A marked decrease in Smad2 protein was noted in the glomeruli of rats with ATS nephritis, which reached a minimum between days 5 and 6. Because the levels of Smad2 mRNA in the nephritic glomeruli did not significantly differ from those in control glomeruli, it is unlikely that the decrease in Smad2 was due to the reduced expression of Smad2. Decreased translation of Smad2 may also contribute to the low Smad2 protein levels and this cannot be ruled out by the present study. Degradation of Smad proteins has recently been reported to be mediated by the ubiquitin-proteasome pathway. 16-19 It is now also understood that protein ubiquitination is carried out by a sequence of E1 ubiquitin-activating enzymes, E2 ubiquitin-conjugating enzymes, and E3 ubiquitin ligases, and that the E3 ubiquitin ligases play a crucial role in defining the substrate specificity of and subsequent protein degradation by the 26S proteasomes.

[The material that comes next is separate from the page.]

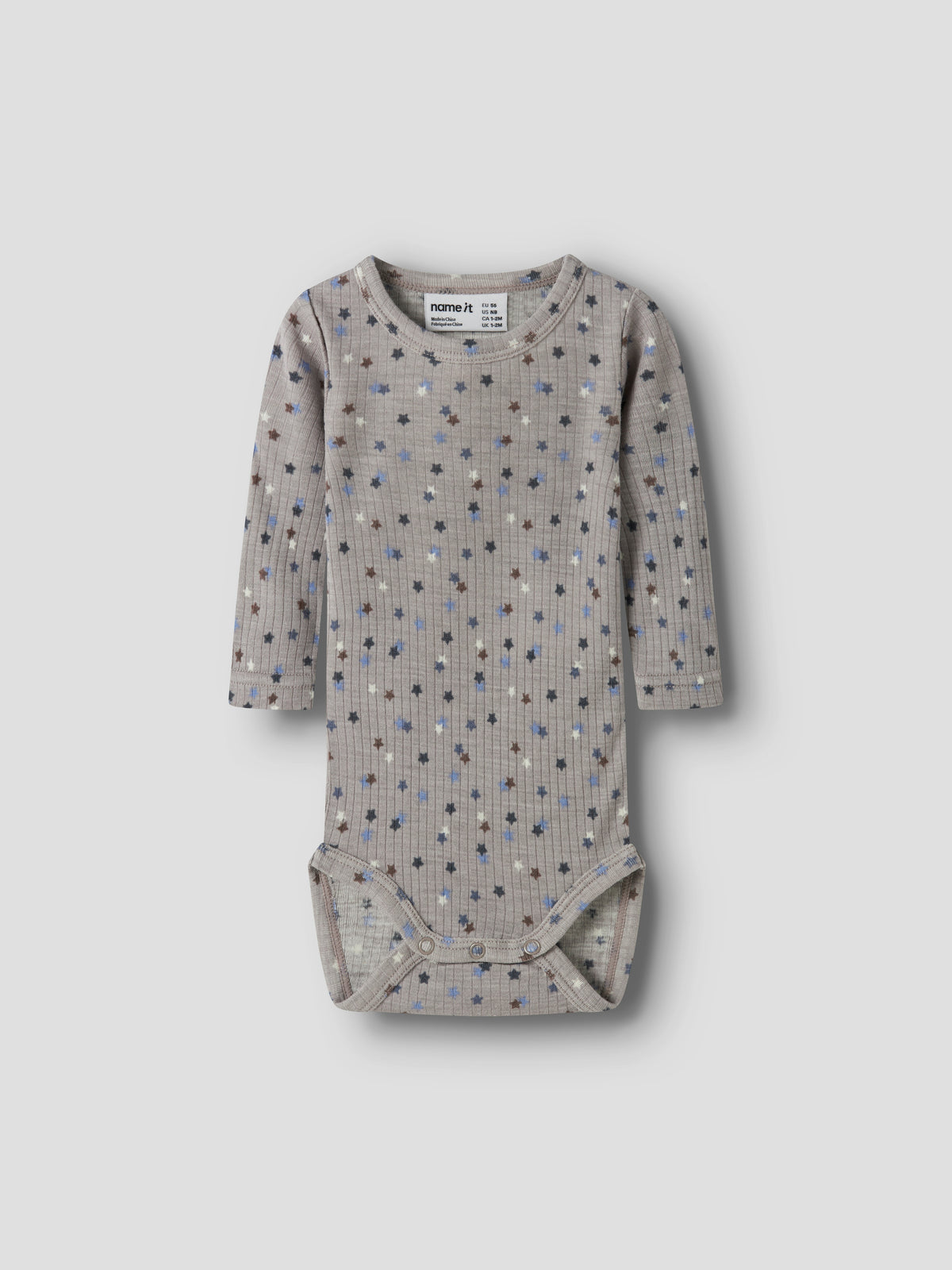 Name It Womi - Wool/Modal LS Body - Satellite / Stars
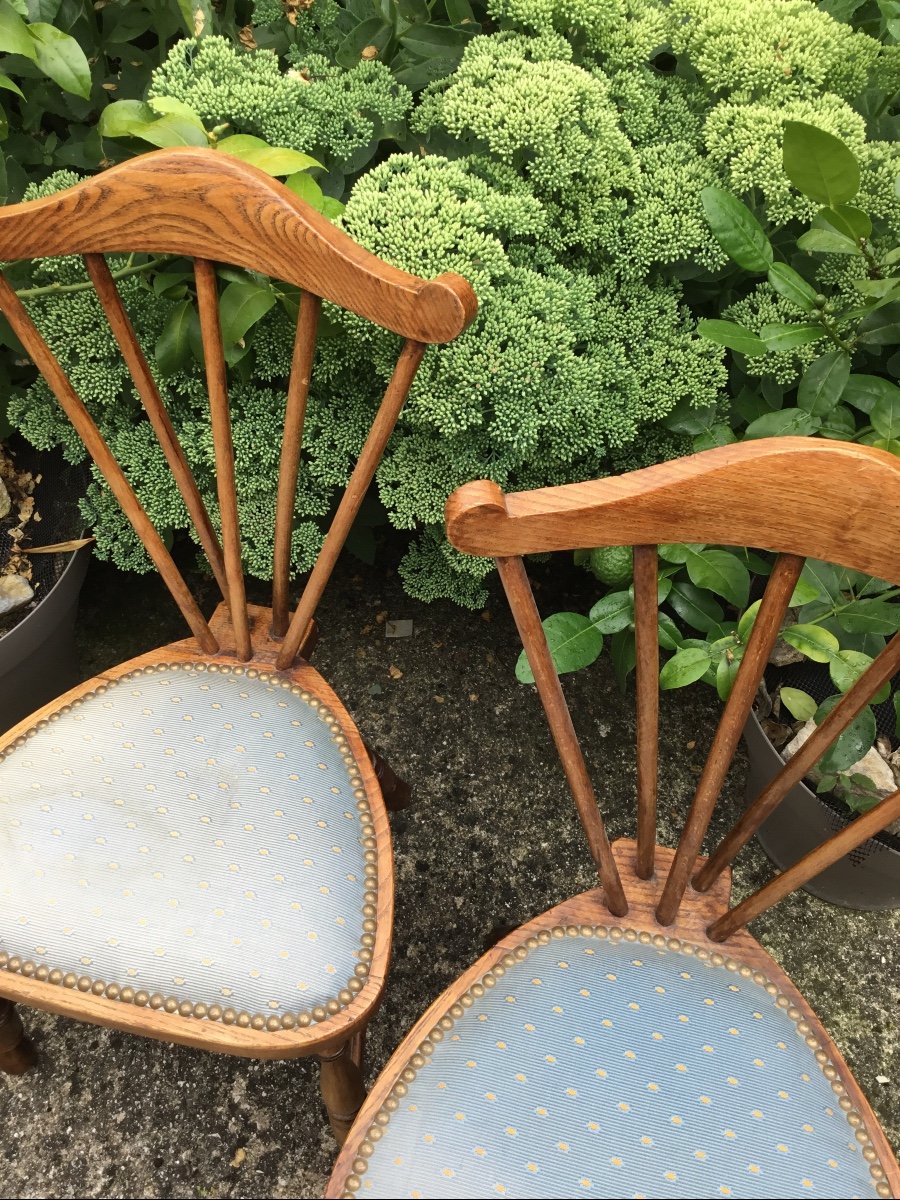 Paire De Chaises D’enfant Scandinaves, Vers 1900-photo-4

In the present study, we demonstrated for the first time that levels of Smurf2, an E3 ubiquitin ligase that targets Smad2, 18 were increased, reached a maximum on day 5, and were inversely proportional to the decrease in Smad2 in the ATS nephritic glomeruli. Increases in Smad2 ubiquitination, as well as an increased degradation of Smad2, were also noted in the nephritic glomeruli. We further demonstrated that degradation of Smad2 in the glomerular extracts from ATS nephritic kidneys was inhibited by the addition of proteasome inhibitor. These data suggest that accelerated degradation of Smad2 by the Smurf2-mediated ubiquitin-proteasome pathway contributes to the decrease in Smad2 in the glomeruli of rats with ATS nephritis. Recently, we also found a similar decrease in Smad2 associated with increased expression of Smurf2 in the cortices of obstructed kidneys of mice with unilateral ureteral obstruction (manuscript in preparation), a model of progressive tubulointerstitial fibrosis in which the increased expression of TGF-β1 plays a pathogenic role. 31 We could not identify the cells that express Smurf2 because the antibodies we used were not suitable for the immunohistochemical detection of rat Smurf2.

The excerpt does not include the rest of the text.